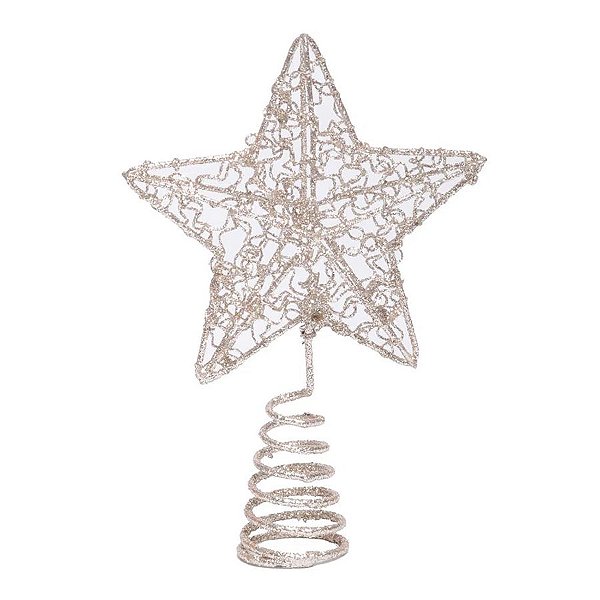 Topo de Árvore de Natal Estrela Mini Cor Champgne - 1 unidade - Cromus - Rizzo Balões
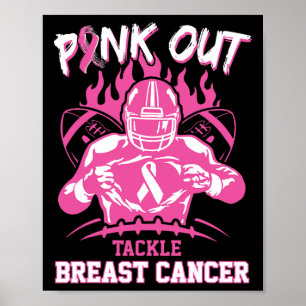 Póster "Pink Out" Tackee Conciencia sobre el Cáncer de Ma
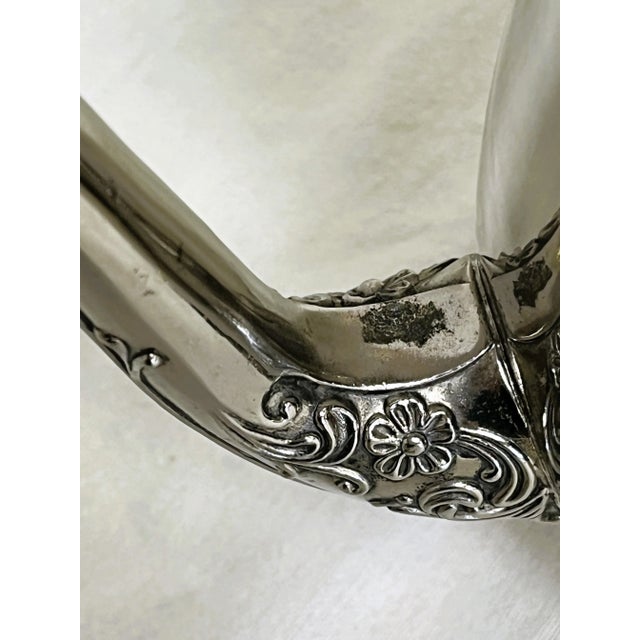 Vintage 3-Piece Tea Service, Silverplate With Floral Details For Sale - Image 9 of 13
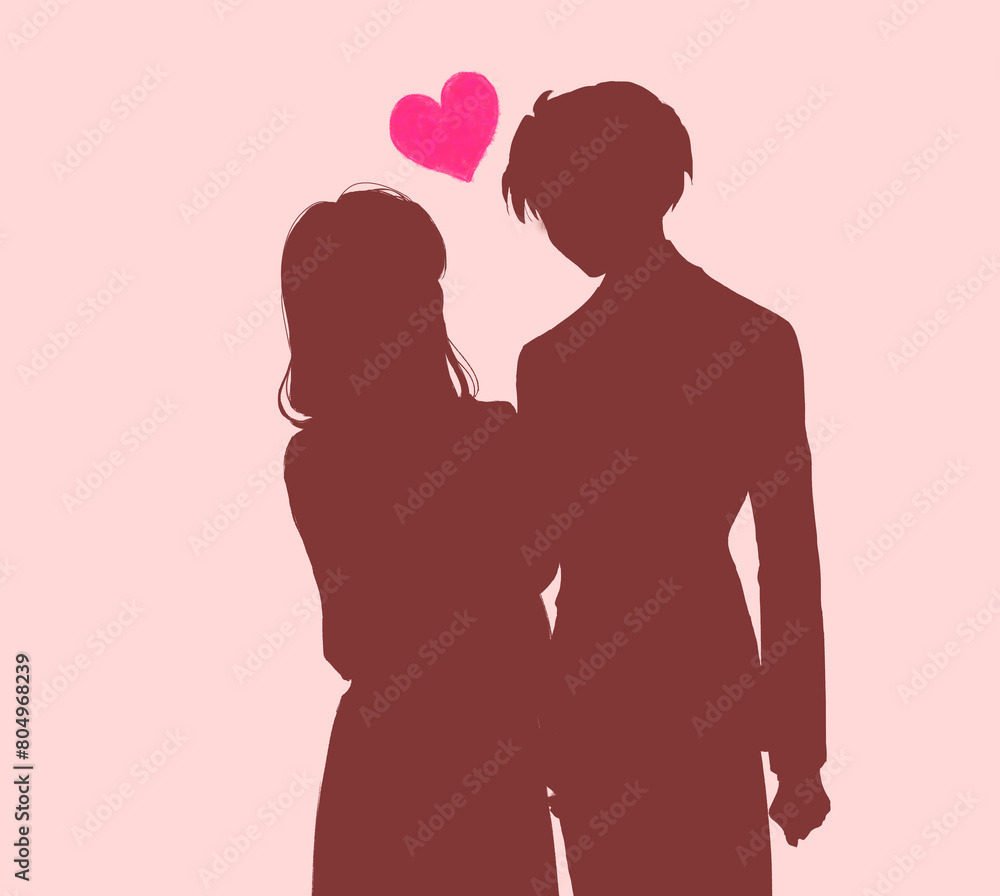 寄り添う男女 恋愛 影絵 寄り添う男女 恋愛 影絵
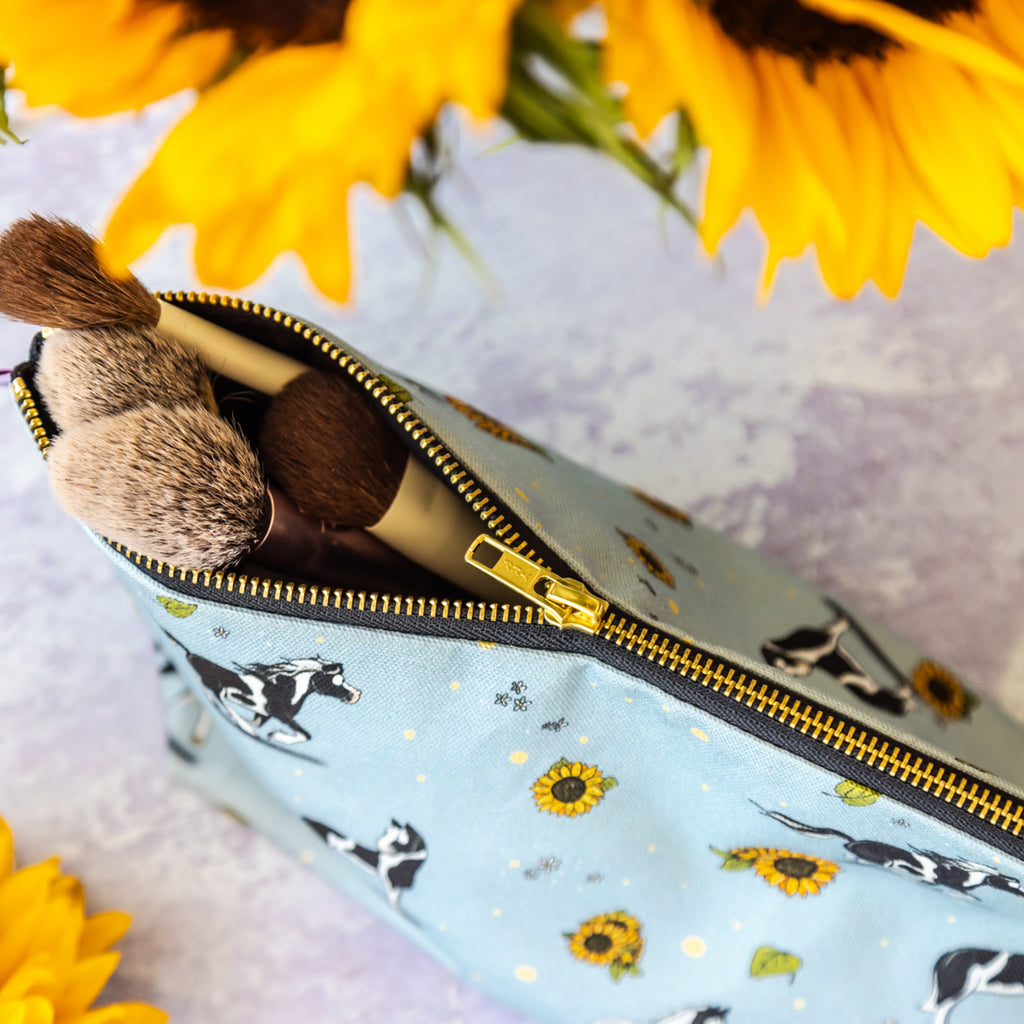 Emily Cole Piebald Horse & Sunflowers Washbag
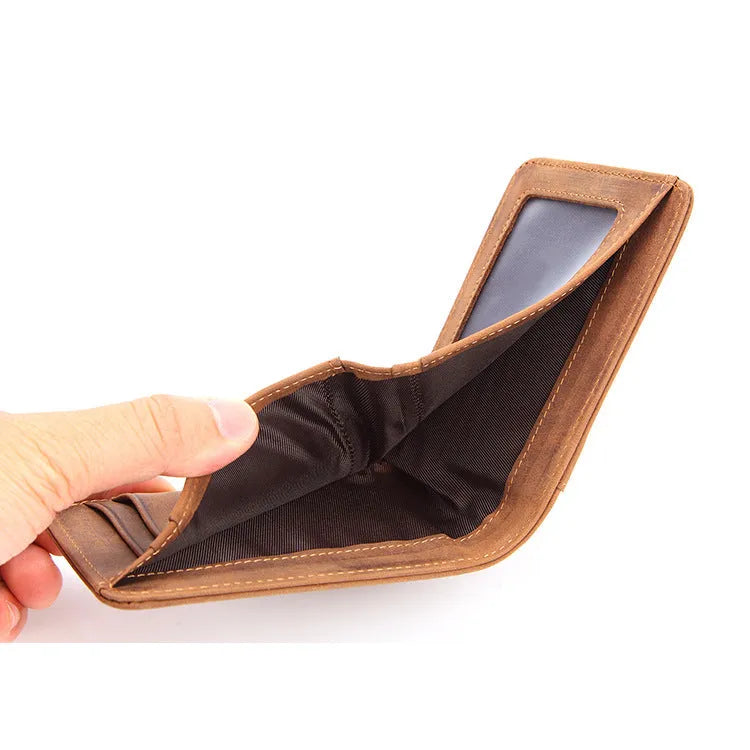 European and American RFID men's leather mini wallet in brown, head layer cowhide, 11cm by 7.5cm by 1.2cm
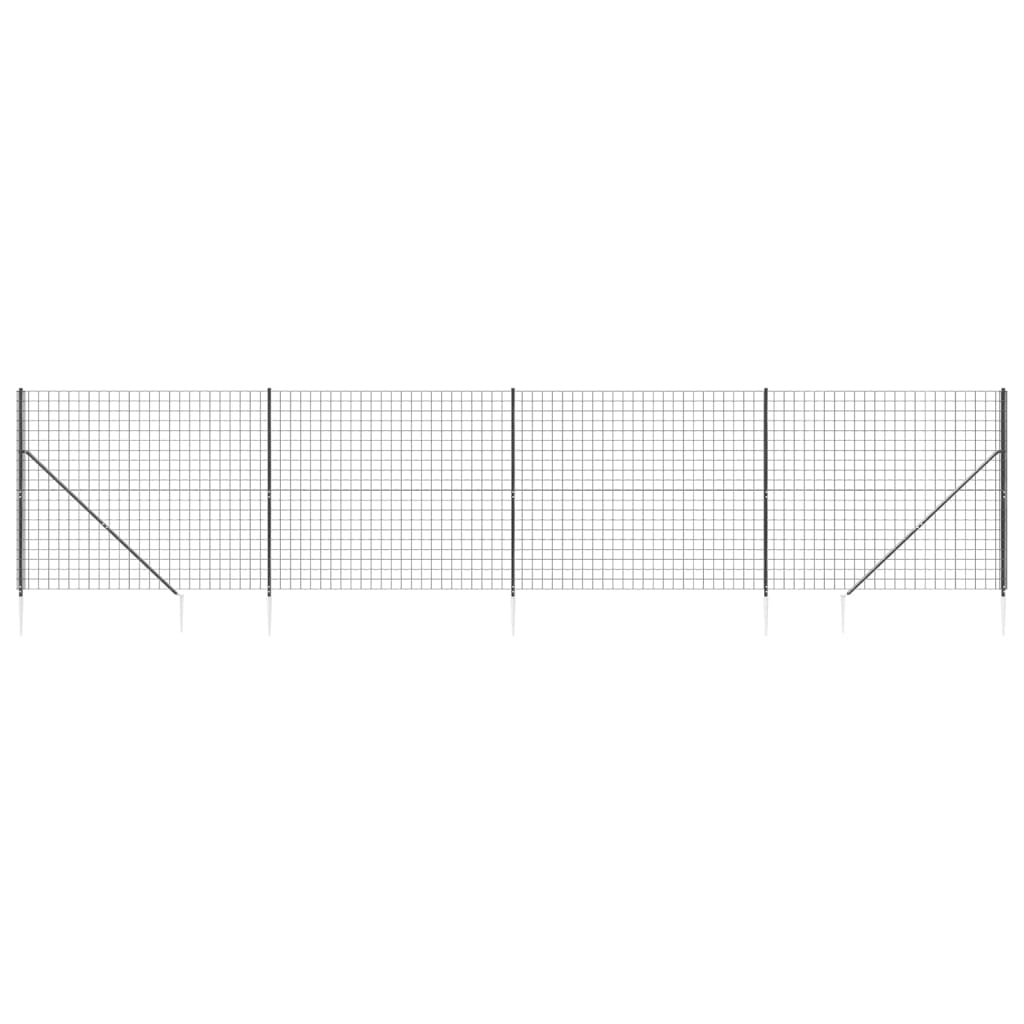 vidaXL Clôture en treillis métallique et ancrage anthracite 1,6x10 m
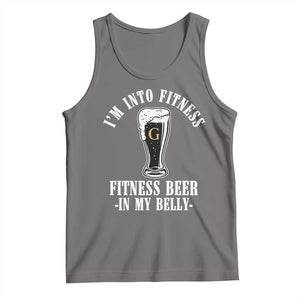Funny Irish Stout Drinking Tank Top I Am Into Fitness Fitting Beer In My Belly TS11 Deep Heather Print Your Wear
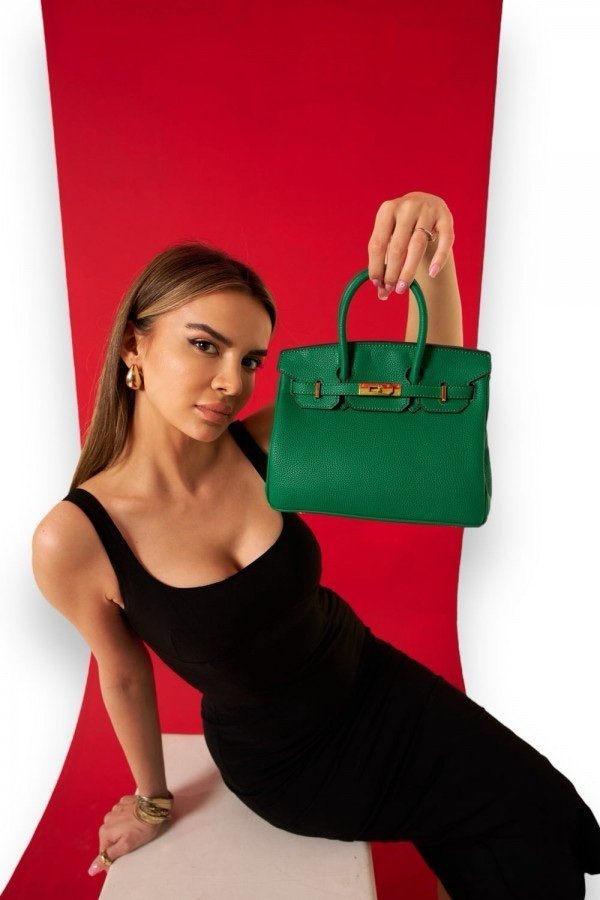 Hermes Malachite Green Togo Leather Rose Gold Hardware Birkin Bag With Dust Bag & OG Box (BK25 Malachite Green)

◆ ◆ ◆ ◆ ◆

Exercise:
With the pictures left out, give again exactly the lines from the one with "Emily Cole Piebald" through the end of the data, both included.

Solution:
 Emily Cole Piebald Horse & Sunflowers Washbag
 European and American RFID men's leather mini wallet in brown, head layer cowhide, 11cm by 7.5cm by 1.2cm
 vidaXL Clôture en treillis métallique et ancrage anthracite 1,6x10 m
Funny Irish Stout Drinking Tank Top I Am Into Fitness Fitting Beer In My Belly TS11 Deep Heather Print Your Wear
 Hermes Malachite Green Togo Leather Rose Gold Hardware Birkin Bag With Dust Bag & OG Box (BK25 Malachite Green)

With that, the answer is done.